Три года назад эти полгаллона стоили три доллара девятнадцать центов, эти цифры прочно засели в голове, потому что приходилось занимать деньги у слуг. Сейчас, если судить по состоянию дел на Нью-Йоркской фондовой бирже, бутыль тянет не меньше чем на пятерку. Все-таки еще не очень большая цена за попытку раздвинуть две сплющивающих стены – будущее и прошлое. Старый собутыльник, рабби Дершковиц, говорит, что буза не спасает от мрака. Тфила (вера) – вот лучший антидепрессант, говорит он, но сам глотает не хуже Гаргантюа. Никогда с ним не спорил и не собираюсь спорить. Веровал всегда и сейчас верую во всех богов и, уж конечно, в Единого Бога. Верую и в Неопалимую купину, и в Синайскую гору, и в Моисея пророческое косноязычие. Верую и в Сына Божьего Иисуса Христа, посланного, чтобы разделить наши муки с нами, ягнятами Вселенной. Верю и в поздних пророков Господа Нашего, и в Магомета небесного. Верую и все равно терзаюсь, потому что и вера моя лежит во времени, а времени нет.

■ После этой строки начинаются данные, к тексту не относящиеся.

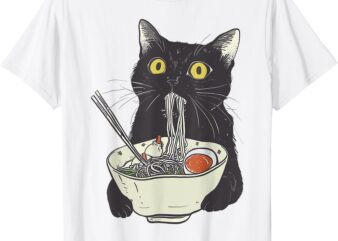 Japanese Cat Funny Cat Eating Ramen Vintage Japanese Noodles T-Shirt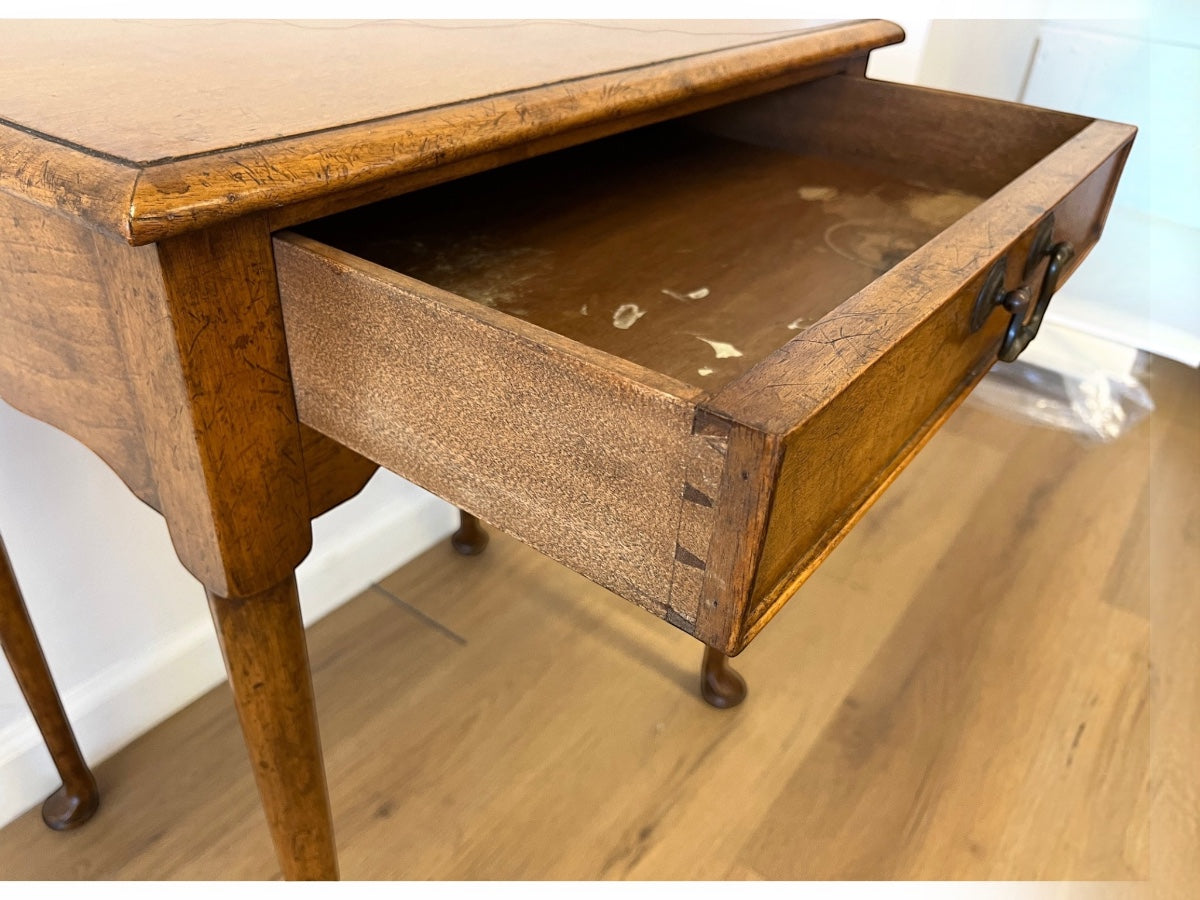 Vintage English Queen Anne Pad Foot Lowboy Side Table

Не оттого ли я так ерзаю, что принадлежу Америке и здесь, в Америке, прохожу свой век? Народ Гаргантюа и Пантагрюэля казался себе вечным и в каждой декомпозиции видел новую композицию. Гомогенные нации, быть может, до сих пор сохраняют дух этого телесного единства, все эти французы, японцы или поляки. Америка или Россия, эти проходные дворы межнациональных сбродов, то ли еще не обрели идею бесконечного воспроизведения, то ли уже потеряли ее без возврата.
Считаю себя евреем, а сам не понимаю, что такое еврей. Будучи американцем, постоянно испытываю космополитские соблазны. Человек планеты Земля, не могу вообразить себя ее крохотной частью. Вот почему я пытаюсь ухватиться за пуповину своего рода и дотащиться до плаценты. Безумец, скажете вы, мадам, и будете близки к истине. Диагноз: хронический алкоголизм. Вегетативная дистония. Психастенический синдром с маниакально-депрессивными состояниями. Кризис середины жизни.
О середине жизни, господа, говорить уже не приходится. Кожа неумолимо пигментируется и отвисает. Трагический еврей то и дело проглядывает сквозь маску ухмыльчивого янки. Кризис последней трети, в лучшем случае. Гете после позднего извержения либидо отослал человеческую плоть к Мефистофелю. Мефистофель покупает душу с единственной целью – разлучить с ней тело. Душа ему не нужна, он хочет владеть человеческим телом, в этом, очевидно, и был смысл первородного греха.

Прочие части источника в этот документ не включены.